Content starts
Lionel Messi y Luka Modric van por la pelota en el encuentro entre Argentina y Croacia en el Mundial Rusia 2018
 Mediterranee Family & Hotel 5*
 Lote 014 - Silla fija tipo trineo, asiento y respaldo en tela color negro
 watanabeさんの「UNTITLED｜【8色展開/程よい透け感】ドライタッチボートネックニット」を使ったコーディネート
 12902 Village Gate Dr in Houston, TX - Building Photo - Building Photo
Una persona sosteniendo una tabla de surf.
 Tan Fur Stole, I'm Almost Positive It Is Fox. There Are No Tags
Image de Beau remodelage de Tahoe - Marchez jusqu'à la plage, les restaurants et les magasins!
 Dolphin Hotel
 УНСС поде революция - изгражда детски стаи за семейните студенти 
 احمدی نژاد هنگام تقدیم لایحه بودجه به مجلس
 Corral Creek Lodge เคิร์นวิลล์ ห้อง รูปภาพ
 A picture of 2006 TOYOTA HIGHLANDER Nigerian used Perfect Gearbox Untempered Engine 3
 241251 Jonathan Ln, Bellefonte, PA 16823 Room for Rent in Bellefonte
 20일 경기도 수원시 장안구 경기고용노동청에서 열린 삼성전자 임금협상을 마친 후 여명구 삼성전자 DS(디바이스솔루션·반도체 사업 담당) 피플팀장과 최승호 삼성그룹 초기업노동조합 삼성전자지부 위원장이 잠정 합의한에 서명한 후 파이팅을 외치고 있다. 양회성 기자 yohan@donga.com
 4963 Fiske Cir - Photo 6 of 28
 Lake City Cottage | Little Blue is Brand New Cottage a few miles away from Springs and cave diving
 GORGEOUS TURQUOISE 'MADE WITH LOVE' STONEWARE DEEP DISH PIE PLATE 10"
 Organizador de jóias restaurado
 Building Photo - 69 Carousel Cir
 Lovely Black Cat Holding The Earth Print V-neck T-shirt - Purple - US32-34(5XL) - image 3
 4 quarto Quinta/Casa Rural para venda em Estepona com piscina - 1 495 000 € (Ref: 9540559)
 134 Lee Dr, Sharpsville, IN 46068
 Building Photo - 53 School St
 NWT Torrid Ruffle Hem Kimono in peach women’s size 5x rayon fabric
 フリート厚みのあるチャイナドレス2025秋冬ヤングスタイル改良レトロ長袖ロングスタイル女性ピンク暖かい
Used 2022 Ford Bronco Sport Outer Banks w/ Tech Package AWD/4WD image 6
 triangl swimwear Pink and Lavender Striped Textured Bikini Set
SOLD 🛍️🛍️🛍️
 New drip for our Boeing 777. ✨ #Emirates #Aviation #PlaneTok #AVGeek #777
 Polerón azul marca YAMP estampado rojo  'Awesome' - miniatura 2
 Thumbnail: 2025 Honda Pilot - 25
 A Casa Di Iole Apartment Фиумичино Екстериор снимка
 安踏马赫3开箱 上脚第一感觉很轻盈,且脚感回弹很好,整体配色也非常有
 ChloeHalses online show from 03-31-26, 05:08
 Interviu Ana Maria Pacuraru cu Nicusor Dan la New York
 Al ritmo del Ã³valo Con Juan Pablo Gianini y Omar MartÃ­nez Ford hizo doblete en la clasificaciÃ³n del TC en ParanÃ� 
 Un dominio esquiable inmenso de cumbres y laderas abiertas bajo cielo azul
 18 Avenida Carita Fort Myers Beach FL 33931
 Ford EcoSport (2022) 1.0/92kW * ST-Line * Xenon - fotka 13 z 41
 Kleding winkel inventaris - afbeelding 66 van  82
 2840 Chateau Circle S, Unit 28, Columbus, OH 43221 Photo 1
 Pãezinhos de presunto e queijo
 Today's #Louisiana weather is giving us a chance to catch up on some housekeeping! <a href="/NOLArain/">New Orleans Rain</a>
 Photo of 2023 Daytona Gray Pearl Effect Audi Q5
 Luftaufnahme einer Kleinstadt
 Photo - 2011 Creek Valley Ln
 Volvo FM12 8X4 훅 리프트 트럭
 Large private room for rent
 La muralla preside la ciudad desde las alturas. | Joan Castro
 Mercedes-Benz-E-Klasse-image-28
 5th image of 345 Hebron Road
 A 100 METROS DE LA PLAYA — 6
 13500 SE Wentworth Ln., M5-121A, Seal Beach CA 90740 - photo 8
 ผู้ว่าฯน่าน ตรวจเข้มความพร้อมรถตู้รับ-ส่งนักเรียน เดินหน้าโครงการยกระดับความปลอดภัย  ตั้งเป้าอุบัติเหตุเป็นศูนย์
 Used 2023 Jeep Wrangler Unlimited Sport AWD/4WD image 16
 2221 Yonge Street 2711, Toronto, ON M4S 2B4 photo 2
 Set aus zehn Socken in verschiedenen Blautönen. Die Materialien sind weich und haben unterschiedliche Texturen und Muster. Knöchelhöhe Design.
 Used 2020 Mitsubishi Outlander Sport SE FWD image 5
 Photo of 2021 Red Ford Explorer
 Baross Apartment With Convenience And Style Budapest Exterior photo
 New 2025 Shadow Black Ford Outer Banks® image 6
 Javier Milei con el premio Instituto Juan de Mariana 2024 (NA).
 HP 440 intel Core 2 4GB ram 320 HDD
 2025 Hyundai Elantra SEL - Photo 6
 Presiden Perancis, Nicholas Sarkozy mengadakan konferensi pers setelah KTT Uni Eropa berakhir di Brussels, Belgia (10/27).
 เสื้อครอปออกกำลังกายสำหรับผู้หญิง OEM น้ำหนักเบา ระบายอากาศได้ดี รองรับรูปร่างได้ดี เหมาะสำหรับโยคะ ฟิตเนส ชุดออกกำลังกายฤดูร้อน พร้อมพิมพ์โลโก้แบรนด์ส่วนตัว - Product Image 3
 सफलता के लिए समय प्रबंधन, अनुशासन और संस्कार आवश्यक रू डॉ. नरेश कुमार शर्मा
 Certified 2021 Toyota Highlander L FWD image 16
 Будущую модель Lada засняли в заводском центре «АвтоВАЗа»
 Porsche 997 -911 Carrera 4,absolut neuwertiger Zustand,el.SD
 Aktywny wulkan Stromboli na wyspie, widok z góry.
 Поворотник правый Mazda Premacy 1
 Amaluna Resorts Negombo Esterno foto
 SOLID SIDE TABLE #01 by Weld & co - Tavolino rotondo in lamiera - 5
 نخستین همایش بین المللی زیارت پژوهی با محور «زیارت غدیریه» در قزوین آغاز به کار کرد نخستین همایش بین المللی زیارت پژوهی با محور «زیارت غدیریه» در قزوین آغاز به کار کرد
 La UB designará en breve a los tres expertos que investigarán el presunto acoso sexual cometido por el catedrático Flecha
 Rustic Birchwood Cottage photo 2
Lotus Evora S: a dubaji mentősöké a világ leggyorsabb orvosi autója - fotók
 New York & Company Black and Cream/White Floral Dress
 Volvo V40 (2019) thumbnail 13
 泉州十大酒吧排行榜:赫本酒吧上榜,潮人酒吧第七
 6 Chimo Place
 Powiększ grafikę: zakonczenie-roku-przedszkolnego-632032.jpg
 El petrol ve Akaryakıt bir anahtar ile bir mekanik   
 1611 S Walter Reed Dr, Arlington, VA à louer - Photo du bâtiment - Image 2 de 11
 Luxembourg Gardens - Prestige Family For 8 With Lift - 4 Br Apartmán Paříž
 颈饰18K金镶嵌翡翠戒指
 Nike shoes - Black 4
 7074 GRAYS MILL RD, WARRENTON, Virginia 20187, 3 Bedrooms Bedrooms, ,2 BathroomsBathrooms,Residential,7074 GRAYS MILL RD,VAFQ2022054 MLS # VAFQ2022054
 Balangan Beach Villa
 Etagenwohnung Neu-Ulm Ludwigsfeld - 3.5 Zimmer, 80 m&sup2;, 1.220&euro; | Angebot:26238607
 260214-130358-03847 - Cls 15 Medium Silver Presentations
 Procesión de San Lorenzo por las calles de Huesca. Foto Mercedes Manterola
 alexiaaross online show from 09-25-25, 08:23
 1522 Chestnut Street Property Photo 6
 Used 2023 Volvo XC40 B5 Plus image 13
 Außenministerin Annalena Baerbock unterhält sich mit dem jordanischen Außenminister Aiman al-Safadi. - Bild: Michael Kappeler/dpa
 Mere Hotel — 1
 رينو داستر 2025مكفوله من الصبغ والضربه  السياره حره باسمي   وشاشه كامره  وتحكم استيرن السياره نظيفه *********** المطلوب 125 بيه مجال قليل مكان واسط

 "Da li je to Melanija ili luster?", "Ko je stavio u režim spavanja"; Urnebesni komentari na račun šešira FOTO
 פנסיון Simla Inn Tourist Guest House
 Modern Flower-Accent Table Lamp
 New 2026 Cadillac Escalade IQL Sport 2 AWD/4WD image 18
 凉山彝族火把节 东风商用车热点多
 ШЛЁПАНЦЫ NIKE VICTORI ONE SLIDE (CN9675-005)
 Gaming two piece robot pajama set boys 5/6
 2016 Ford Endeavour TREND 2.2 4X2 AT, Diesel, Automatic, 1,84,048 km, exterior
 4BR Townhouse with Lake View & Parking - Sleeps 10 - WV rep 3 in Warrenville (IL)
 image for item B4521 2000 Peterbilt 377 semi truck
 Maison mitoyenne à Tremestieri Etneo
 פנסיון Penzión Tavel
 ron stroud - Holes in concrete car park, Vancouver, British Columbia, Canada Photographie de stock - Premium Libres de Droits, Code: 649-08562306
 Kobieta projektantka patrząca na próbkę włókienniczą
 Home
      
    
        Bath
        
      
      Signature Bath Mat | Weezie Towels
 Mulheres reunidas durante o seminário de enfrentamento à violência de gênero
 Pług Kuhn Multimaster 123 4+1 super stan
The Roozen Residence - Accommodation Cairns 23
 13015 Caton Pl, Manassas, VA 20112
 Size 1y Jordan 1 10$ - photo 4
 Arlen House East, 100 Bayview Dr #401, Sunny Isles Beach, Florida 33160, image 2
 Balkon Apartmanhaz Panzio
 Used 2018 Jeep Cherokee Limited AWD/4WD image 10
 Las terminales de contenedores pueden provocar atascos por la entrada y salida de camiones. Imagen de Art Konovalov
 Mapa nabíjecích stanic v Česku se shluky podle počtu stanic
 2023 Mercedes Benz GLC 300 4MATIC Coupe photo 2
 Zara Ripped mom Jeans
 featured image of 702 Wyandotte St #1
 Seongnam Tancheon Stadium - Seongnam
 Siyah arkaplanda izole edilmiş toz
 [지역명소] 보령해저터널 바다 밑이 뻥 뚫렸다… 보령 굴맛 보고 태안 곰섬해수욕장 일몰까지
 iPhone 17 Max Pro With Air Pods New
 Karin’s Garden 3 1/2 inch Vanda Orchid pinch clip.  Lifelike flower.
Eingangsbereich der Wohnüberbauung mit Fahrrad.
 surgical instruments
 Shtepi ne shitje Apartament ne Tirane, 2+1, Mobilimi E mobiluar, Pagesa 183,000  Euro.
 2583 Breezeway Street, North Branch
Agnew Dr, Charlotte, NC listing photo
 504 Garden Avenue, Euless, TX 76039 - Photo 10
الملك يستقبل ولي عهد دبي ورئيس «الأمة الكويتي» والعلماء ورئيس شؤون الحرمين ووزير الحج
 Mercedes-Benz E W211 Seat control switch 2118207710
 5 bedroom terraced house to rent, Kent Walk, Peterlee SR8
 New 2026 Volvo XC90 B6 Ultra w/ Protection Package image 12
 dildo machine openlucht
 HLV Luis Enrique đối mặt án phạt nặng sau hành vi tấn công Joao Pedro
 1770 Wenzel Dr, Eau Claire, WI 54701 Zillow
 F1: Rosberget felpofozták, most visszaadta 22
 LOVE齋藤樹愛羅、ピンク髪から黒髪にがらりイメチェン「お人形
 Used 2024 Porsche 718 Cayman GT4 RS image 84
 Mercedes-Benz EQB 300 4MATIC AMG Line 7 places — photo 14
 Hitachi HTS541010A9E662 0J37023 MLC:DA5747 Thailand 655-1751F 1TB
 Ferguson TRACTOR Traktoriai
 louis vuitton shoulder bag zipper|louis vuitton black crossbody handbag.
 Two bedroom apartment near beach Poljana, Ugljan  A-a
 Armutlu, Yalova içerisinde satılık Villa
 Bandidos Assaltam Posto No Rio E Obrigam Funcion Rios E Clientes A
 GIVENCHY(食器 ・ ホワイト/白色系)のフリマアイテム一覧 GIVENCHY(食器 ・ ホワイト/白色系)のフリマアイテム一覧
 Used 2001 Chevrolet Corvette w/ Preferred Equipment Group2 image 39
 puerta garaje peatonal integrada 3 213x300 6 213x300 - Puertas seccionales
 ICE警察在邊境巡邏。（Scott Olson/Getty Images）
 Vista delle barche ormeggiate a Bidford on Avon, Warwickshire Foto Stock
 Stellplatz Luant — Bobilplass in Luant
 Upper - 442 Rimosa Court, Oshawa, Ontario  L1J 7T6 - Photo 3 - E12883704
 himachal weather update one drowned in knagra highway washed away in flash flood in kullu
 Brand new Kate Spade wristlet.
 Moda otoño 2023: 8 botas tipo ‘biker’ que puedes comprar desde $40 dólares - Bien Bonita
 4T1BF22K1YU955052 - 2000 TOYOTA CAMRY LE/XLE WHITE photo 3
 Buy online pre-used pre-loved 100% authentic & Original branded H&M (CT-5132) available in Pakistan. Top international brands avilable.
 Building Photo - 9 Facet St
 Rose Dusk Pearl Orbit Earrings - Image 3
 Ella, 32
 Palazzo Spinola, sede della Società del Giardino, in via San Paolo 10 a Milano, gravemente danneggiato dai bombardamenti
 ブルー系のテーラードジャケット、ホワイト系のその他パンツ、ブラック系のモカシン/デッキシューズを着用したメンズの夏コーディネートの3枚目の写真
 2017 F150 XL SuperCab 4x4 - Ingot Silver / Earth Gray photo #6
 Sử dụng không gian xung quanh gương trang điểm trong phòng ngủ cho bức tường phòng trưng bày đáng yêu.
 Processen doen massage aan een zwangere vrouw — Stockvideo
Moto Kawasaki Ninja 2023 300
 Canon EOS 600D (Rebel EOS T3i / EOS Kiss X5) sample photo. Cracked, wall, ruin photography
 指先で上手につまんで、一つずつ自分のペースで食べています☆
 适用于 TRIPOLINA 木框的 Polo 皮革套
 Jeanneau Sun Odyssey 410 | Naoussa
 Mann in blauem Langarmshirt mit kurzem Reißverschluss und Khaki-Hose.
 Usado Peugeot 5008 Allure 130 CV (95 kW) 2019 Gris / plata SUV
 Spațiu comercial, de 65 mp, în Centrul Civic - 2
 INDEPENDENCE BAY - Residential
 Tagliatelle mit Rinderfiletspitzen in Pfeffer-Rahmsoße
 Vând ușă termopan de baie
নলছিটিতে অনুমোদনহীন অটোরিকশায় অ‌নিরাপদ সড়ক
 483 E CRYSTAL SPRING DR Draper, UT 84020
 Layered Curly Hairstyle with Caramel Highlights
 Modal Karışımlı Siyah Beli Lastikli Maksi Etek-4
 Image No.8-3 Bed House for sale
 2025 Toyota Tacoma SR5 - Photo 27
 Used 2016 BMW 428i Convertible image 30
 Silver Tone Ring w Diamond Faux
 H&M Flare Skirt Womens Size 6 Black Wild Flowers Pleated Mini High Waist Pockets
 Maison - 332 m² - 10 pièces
Content ends
_TASK_
From the records above, quote only the lines running from the line with "Pãezinhos de presunto e queijo" to the line with "13500 SE Wentworth", both lines included.

_SOLUTION FOR THIS PROBLEM_
 Pãezinhos de presunto e queijo
 Today's #Louisiana weather is giving us a chance to catch up on some housekeeping! <a href="/NOLArain/">New Orleans Rain</a>
 Photo of 2023 Daytona Gray Pearl Effect Audi Q5
 Luftaufnahme einer Kleinstadt
 Photo - 2011 Creek Valley Ln
 Volvo FM12 8X4 훅 리프트 트럭
 Large private room for rent
 La muralla preside la ciudad desde las alturas. | Joan Castro
 Mercedes-Benz-E-Klasse-image-28
 5th image of 345 Hebron Road
 A 100 METROS DE LA PLAYA — 6
 13500 SE Wentworth Ln., M5-121A, Seal Beach CA 90740 - photo 8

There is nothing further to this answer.